Your instructions:
Word for word, return each entry that follows, with every image removed.

[Record excerpts — start]

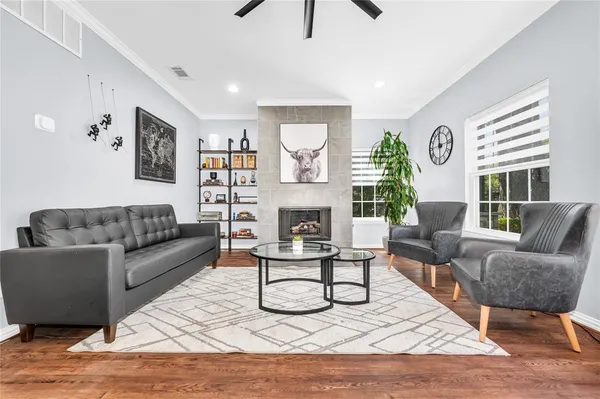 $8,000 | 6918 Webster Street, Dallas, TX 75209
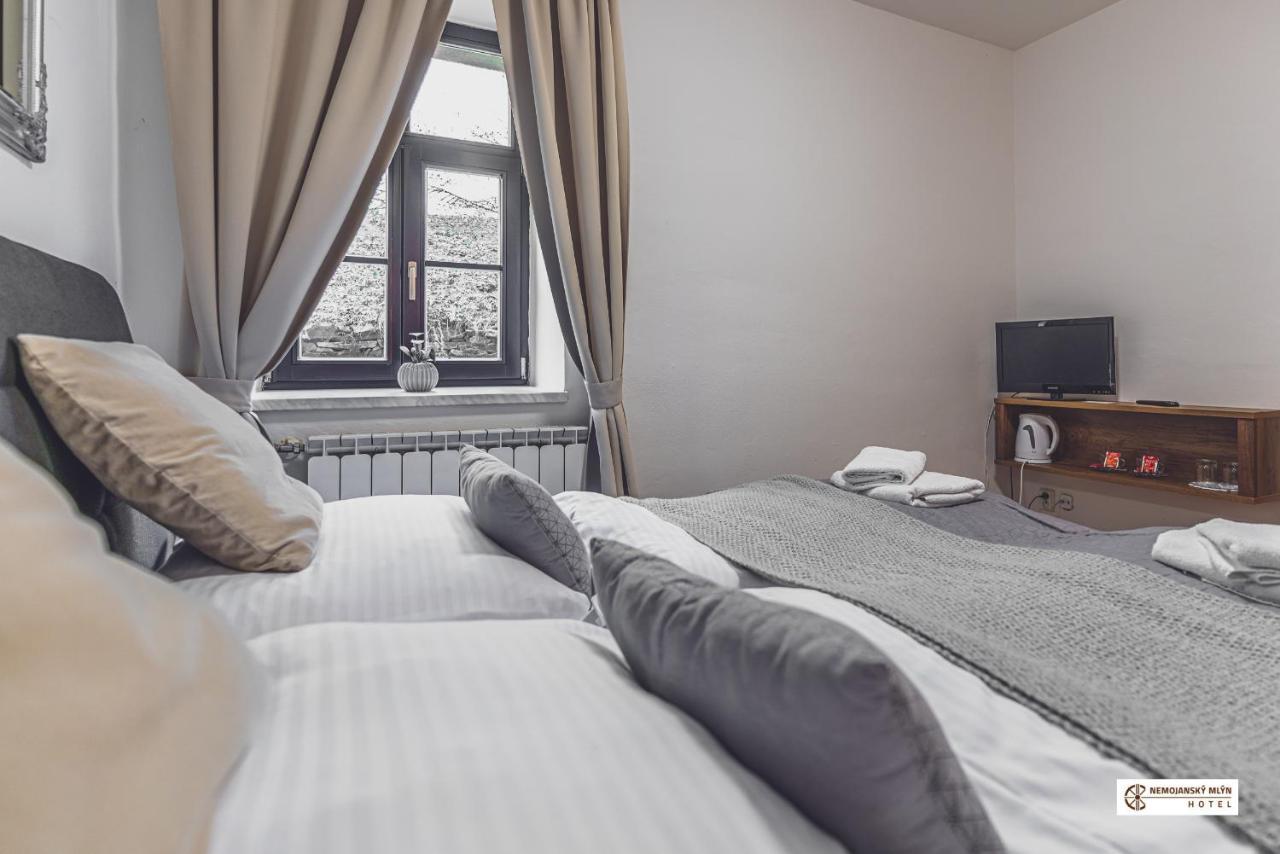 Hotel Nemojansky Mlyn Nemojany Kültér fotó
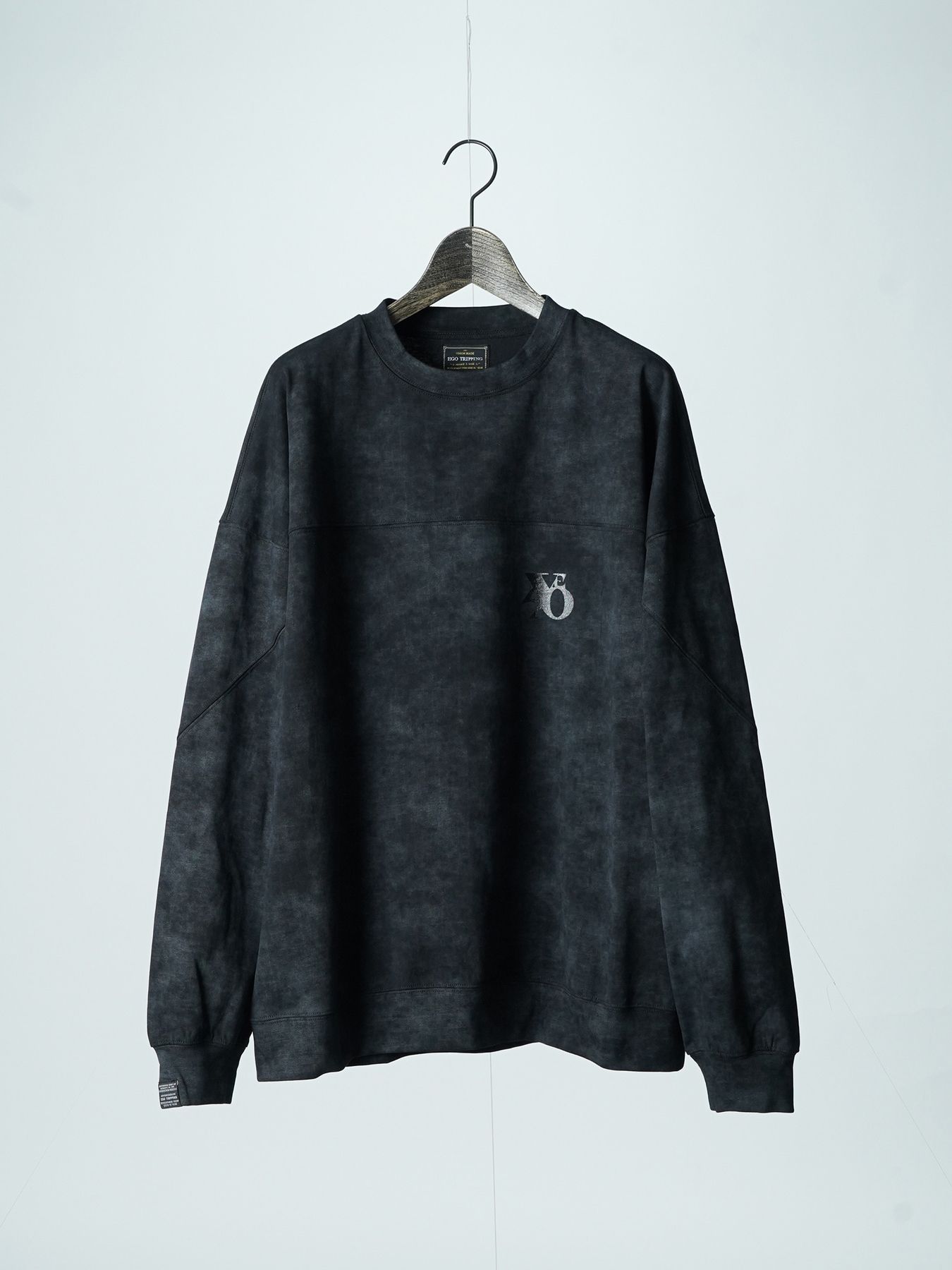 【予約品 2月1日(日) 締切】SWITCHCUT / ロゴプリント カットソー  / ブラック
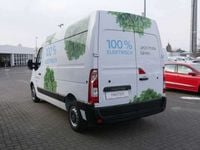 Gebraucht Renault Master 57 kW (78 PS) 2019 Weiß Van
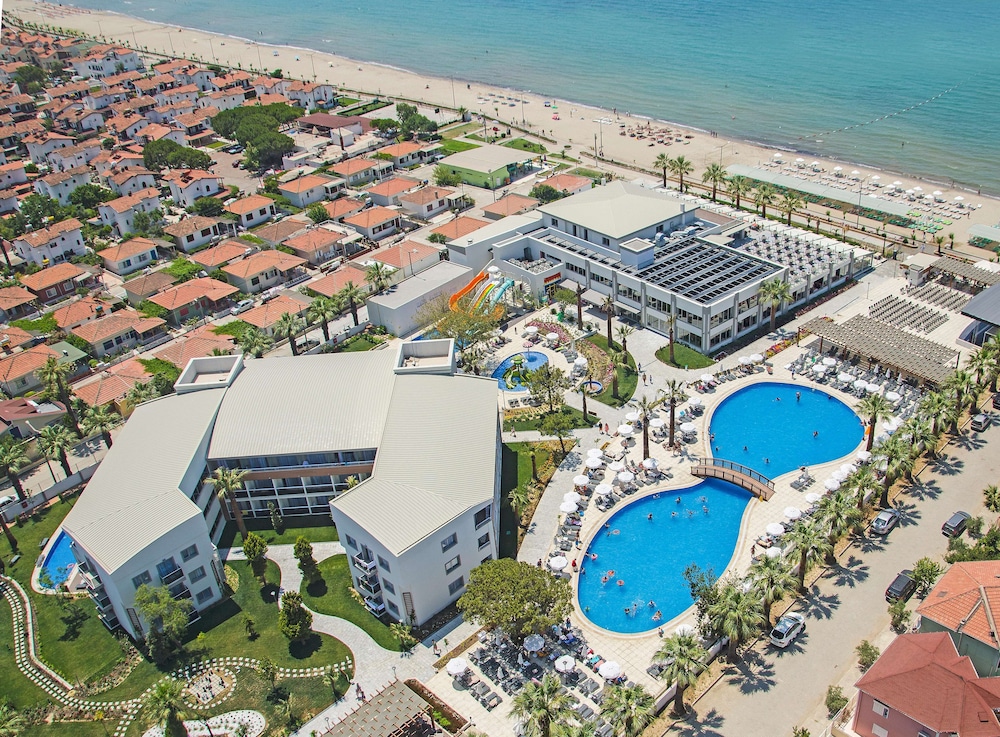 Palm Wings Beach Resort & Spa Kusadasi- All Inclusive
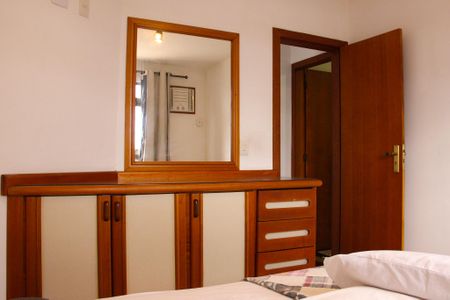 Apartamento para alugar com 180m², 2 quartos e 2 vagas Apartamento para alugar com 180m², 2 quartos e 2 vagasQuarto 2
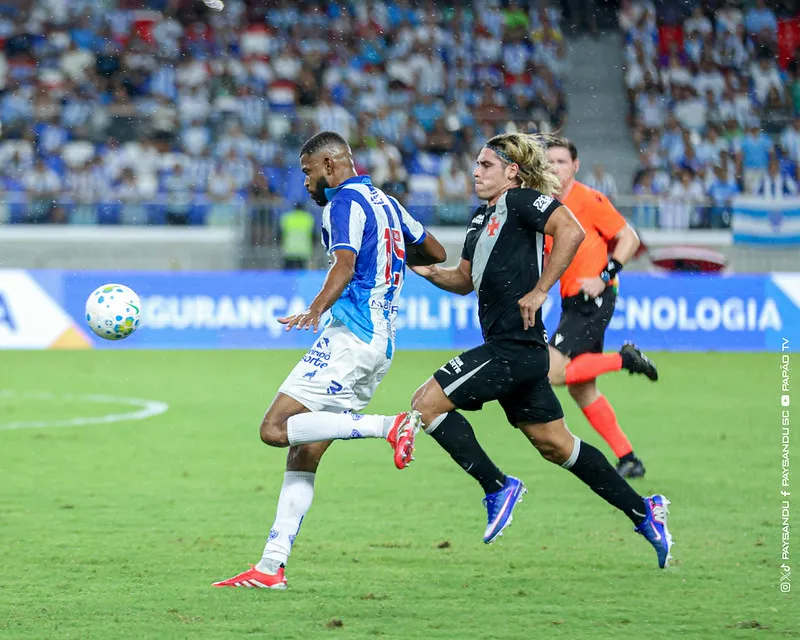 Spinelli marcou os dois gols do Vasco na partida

[Record excerpts — finish]

The completed task:
 $8,000 | 6918 Webster Street, Dallas, TX 75209
 Hotel Nemojansky Mlyn Nemojany Kültér fotó
 【予約品 2月1日(日) 締切】SWITCHCUT / ロゴプリント カットソー  / ブラック
 Gebraucht Renault Master 57 kW (78 PS) 2019 Weiß Van
 Palm Wings Beach Resort & Spa Kusadasi- All Inclusive
 Apartamento para alugar com 180m², 2 quartos e 2 vagas Apartamento para alugar com 180m², 2 quartos e 2 vagasQuarto 2
 Spinelli marcou os dois gols do Vasco na partida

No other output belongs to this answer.